◆ **TASK ITEM**: Please quote exactly the lines below from the line containing "Si viajo con" to the line containing "۱۲ خاصیت بی‌نظیر پوست انار که نمی‌دانستید", both lines included, and nothing else.

#### RAW DATA ####

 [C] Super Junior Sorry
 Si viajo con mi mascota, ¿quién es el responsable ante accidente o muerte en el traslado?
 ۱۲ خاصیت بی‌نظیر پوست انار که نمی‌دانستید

####
#### RAW DATA ####

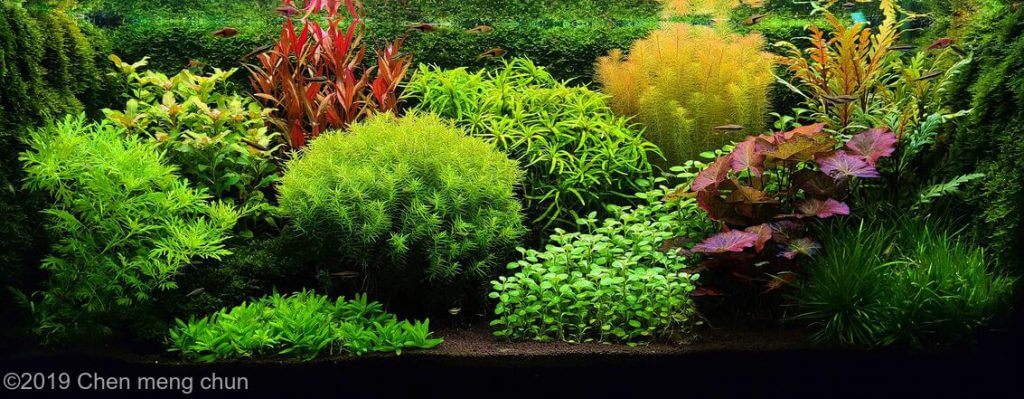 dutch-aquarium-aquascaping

####

◆ **PROBLEM SOLUTION**:
 Si viajo con mi mascota, ¿quién es el responsable ante accidente o muerte en el traslado?
 ۱۲ خاصیت بی‌نظیر پوست انار که نمی‌دانستید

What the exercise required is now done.